Another type of chronotherapy is dark therapy (DT), where patients are kept in a complete dark room at night. Sometimes, blue-blocking sunglasses are used to induce “circadian darkness” [215]. DT is effective for the patient with BD [216]. A clinical trial reported that DT and blocking of blue light exposure prevent bipolar mania [217].

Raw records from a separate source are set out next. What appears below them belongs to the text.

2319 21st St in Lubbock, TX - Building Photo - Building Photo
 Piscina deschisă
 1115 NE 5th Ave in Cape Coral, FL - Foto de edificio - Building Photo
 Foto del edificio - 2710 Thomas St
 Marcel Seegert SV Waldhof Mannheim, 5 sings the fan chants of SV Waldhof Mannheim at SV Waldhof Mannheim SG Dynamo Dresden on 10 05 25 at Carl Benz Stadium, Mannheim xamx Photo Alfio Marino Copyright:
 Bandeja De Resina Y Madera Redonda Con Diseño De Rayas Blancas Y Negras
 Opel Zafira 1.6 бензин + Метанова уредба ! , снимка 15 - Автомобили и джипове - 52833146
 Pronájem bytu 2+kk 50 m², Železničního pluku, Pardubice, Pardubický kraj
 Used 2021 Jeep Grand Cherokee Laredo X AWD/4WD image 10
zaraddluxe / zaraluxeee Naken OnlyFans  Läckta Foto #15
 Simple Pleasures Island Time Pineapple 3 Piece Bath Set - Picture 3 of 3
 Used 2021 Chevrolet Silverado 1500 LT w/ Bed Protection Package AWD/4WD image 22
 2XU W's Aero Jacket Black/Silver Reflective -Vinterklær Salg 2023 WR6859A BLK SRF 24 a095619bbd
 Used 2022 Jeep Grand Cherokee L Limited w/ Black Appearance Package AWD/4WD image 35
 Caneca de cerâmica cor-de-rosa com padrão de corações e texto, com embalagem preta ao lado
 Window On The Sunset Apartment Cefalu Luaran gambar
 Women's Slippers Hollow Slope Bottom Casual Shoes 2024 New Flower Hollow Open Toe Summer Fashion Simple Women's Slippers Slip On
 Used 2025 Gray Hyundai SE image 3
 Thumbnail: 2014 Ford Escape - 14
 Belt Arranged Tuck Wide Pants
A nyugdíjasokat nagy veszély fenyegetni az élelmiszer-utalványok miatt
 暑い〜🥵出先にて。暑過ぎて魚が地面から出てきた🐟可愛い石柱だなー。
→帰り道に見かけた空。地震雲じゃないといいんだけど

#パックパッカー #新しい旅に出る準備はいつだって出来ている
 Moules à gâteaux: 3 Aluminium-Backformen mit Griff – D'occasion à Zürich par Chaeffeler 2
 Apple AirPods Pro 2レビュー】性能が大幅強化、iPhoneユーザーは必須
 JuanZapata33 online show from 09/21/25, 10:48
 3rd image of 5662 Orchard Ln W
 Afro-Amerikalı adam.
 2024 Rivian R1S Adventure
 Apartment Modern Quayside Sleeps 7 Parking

Recently, gene therapy and stem cell therapy have been applied as newer approaches for the treatment of psychiatric diseases. Both these processes show significant success in mouse models for the treatment of different forms of mental illness. In humans, low levels of the p11 protein expression are associated with depression. p11 protein knockout mice also exhibit depression. Administration of an adeno-associated virus carrying the gene of the p11 protein into the nucleus accumbens restores the expression of p11 protein and reduces the symptoms of depression [218].

Conclusions

In recent years, circadian rhythm dysfunction is a common phenomenon in our modern society due to shift work, night work, exposure to bright light at night, and jet lag. Circadian rhythm misalignment adversely affects human health, particularly neural functions, neuroendocrine activity, and metabolic functions. Alterations of circadian rhythms are also associated with neurodegenerative diseases and psychiatric disorders, including schizophrenia, anxiety, depression, MDD, and BD. Circadian disruption deregulates the expression of core clock genes, melatonin and cortisol rhythm, activity of NTs, and function of different areas of the brain. Moreover, physical and physiological stress, neuroinflammation, and neurodegeneration also affect neuronal activity. Collectively, these effects promote psychiatric diseases. Resynchronization of circadian rhythms can improve the symptoms of psychiatric illness. Anti-psychotic drugs, CBT, LT, WT, and family support are beneficial for the treatment of psychiatric disorders. Finally, it can be concluded that public awareness about mental illness and circadian dysfunction is the forward step for combating psychiatric disorders. Activities at the personal level to maintain the circadian rhythm can give fruitful results in the near future.